Abstract:
Epithelial monolayers serve fundamental physiological roles in development, homeostasis, and disease; yet how collective cell dynamics and substrate mechanics coordinate to drive three-dimensional morphogenesis remains poorly understood. Here, we investigate how substrate mechanics and pharmacological modulation of cell motility and contractility influence monolayer dynamics, dome formation kinetics, and cell adhesion in MDCKII epithelial cells.

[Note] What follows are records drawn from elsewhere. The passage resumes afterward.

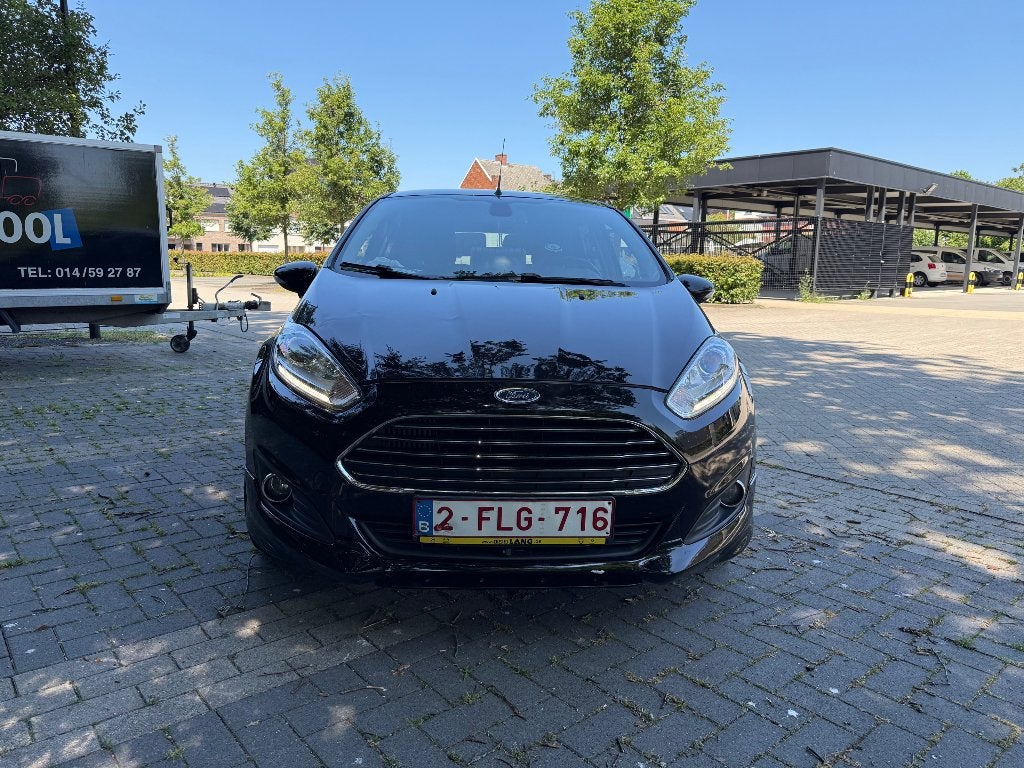 Ford fiesta Automat vol opties met weinig km, Achat, Euro 6, 5 portes, Automatique
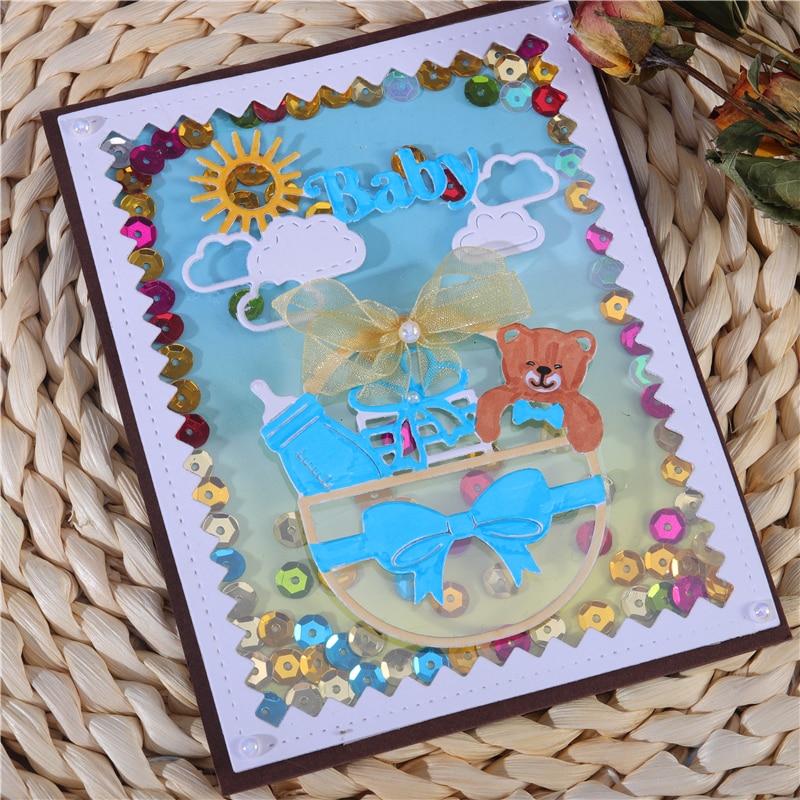 InLoveArts Baby Dies Letter Metal Cutting Dies Dies Scrapbooking Card Making Album Embossing Crafts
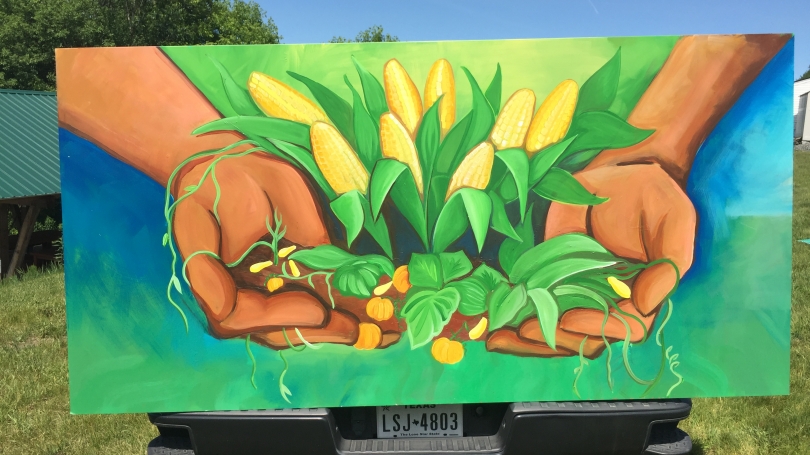 mural project organic farm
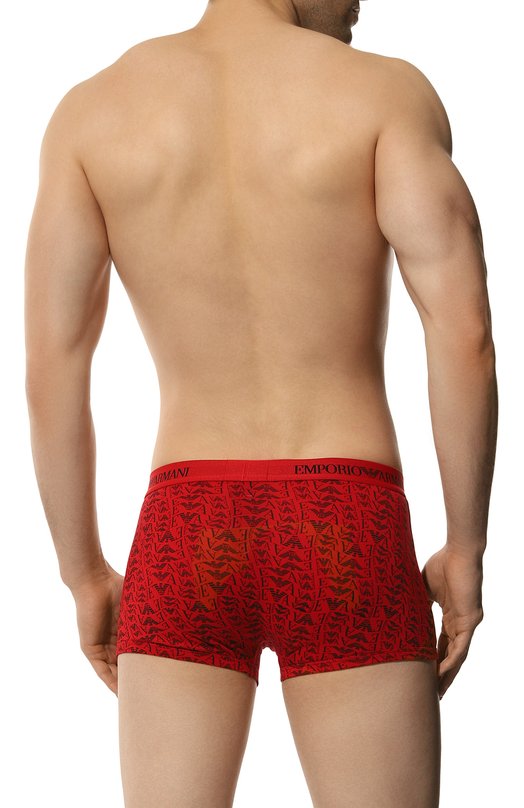 Комплект из трех боксеров Emporio Armani 111625/4F722 Красный  111625/4F722 Фото 5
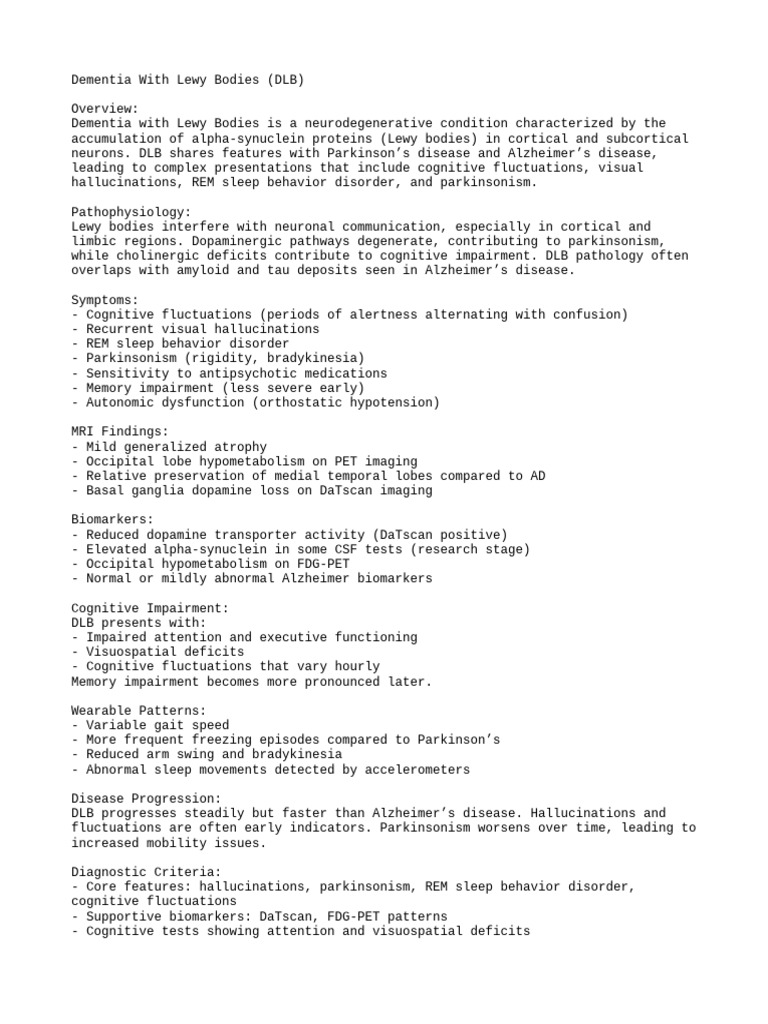 Understanding Dementia With Lewy Bodies | PDF | Alzheimer's Disease ...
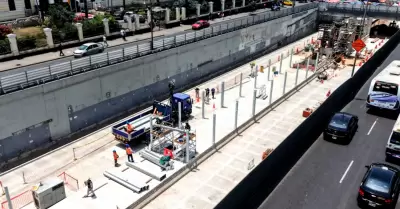 Obras en la Va Expresa Grau.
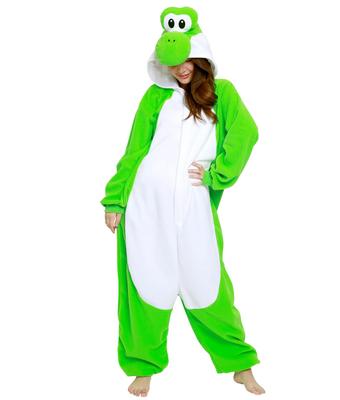 Velo de personagem SAZAC Kigurumi Super Mario Yoshi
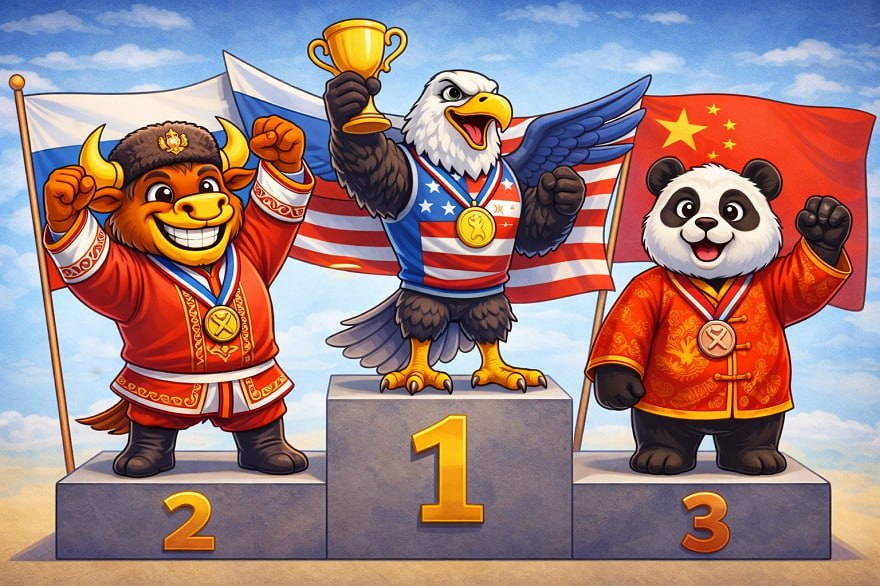 Россия вышла на второе место в мире по майнингу биткоина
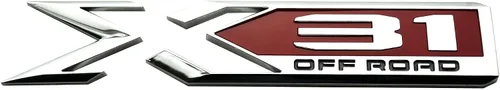 Miniatura 2 de 2 paquetes de emblemas X31 para todo terreno 84682662 Placa de identificación del costado trasero del cuerpo, letra de reemplazo para GMC Sierra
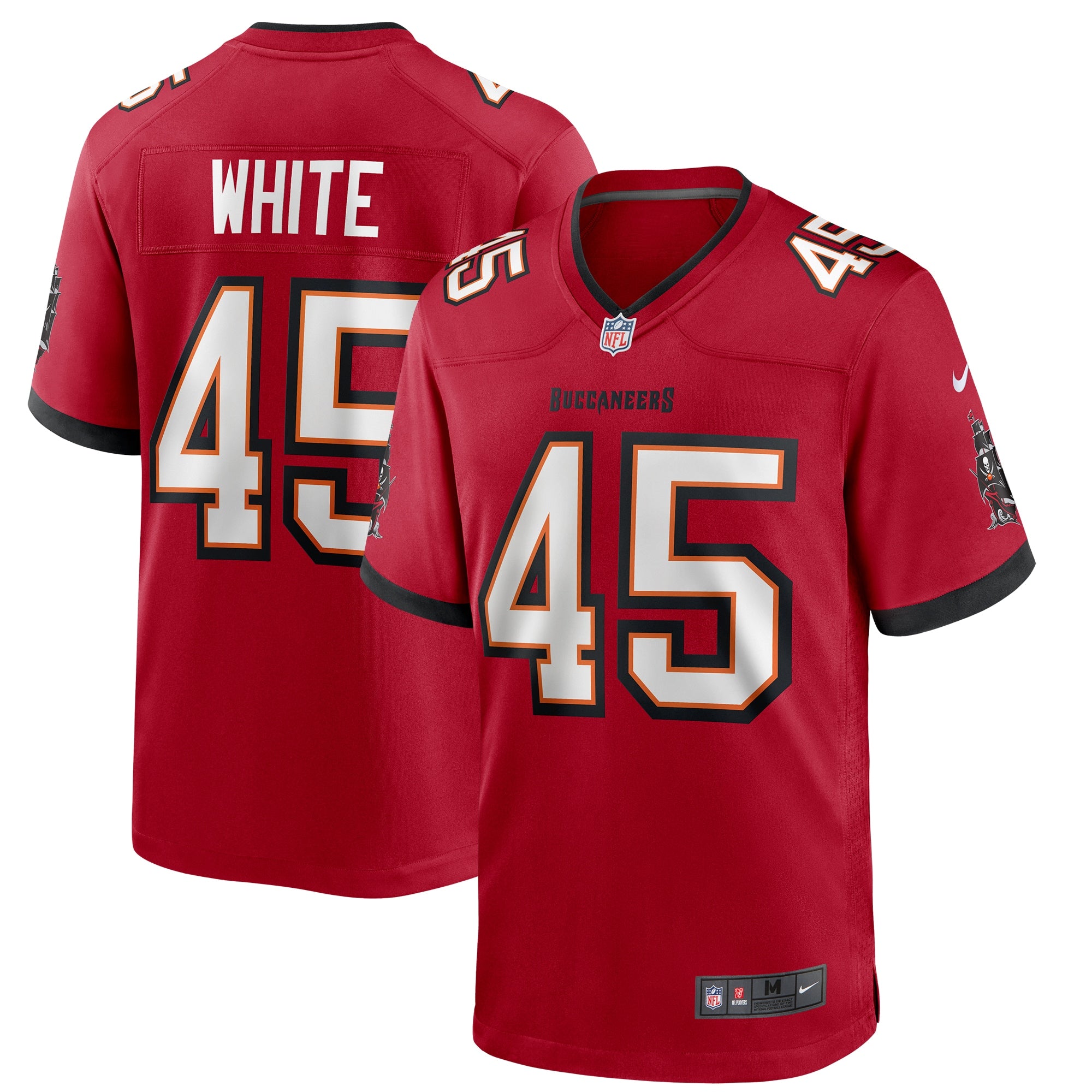 Devin White Tampa Bay Buccaneers Nike Game Jersey - Pewter/Red - Image 6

Using epifluorescence and spinning disk confocal microscopy, we tracked monolayer dynamics and dome formation on glass, PDMS, and uniform or micropatterned protein coatings. Quantitative analysis of velocity fields revealed a transient motility peak 55-67 hours post-seeding. HGF increased peak velocities in a dose-dependent manner, while blebbistatin suppressed motility and contractility without altering adhesion strength. Blebbistatin-treated cells formed smaller domes that collapsed gradually rather than suddenly, with rapid dome turnover and shorter lifetimes. In contrast, PDMS—which reduces adhesion while increasing motility—produced larger domes with collapse dynamics similar to controls. Confocal imaging revealed that dome collapse involves transient loss of actin stress fibers in dome cells, which are then pulled outward by contractile neighbors before repolarizing and migrating back—a recovery abolished by blebbistatin. Centrifugation-based adhesion assays quantified substrate-specific detachment thresholds.[SV1.1][KK1.2]
These findings reveal that monolayer motility and dome kinetics are governed by interplay between actomyosin contractility, cell motility, and substrate adhesion, with implications for understanding epithelial morphogenesis, tissue mechanics, and biomaterial design.